Testing to optimize MWF formulation efficiency and performance
Apr 14, 2020
One of the outcomes of the automotive industry’s continued focus on operational efficiency and technological advancement is a growing trend toward sustainable innovation for lighter vehicle design. This shift has led to an increased demand for more dynamic metalworking fluids (MWFs) that perform well on lighter weight aluminium alloys for vehicle components and new machining tools. Evaluating the relative effectiveness of metalworking additives is critical in the optimization of a commercial fluid and the development of new formulations. This means systematic, efficient MWF formulation techniques and rapid, flexible test methods that correlate well with field performance, are more important than ever.
An array of American Standard Test Method (ASTM) tests exists to effectively determine additive effects on MWFs, including the twist compression test (TCT) and tapping torque test (TTT). These ASTM methods are designed to evaluate lubricity additives by measuring coefficient of friction (COF) or torque under variable conditions.

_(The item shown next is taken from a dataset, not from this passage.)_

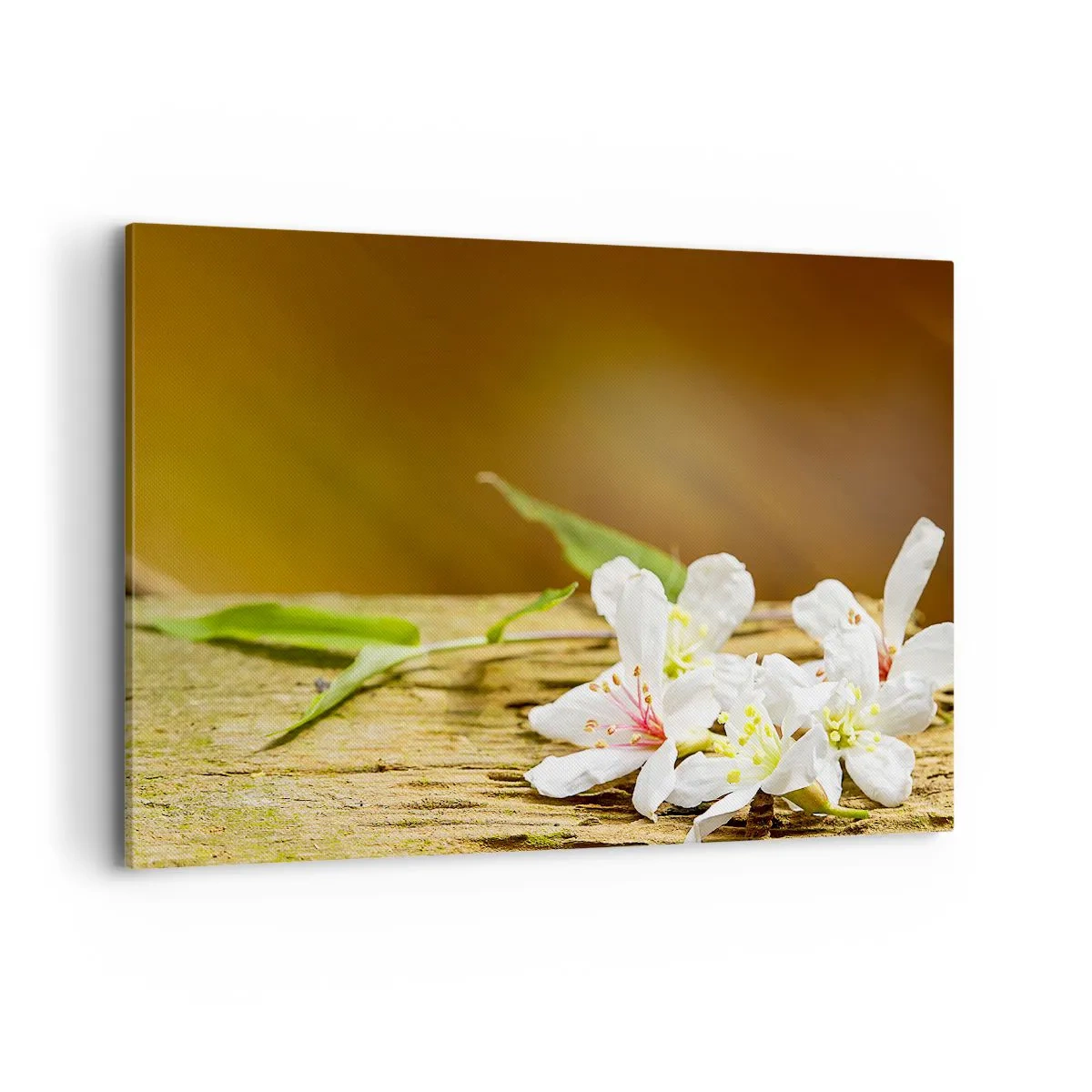 Obraz na plátne - Nevinný prísľub - 120x80 cm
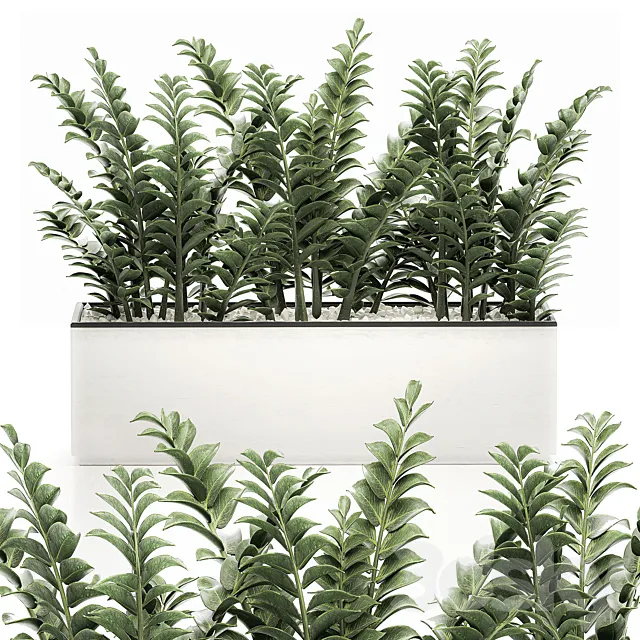 A small lush decorative exotic Zamiokulkas flower in a white pot with gravel. Set 535. 3DModel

Tom Sisson and Tevin Proctor from Ingevity recently worked with Ted McClure at Sea-Land Chemical to provide a comparative analysis using a simple straight-oil MWF to determine the relative performance of multiple lubricity additives per test method and to discover whether a correlation between the two methodologies exists.
Why should you care?
Formulators today desire lubricity additives that are effective in various applications and fluid types. By using both the TCT and TTT methods, lubricity additives’ performance ranges can be determined, leading to the development of optimal MWFs.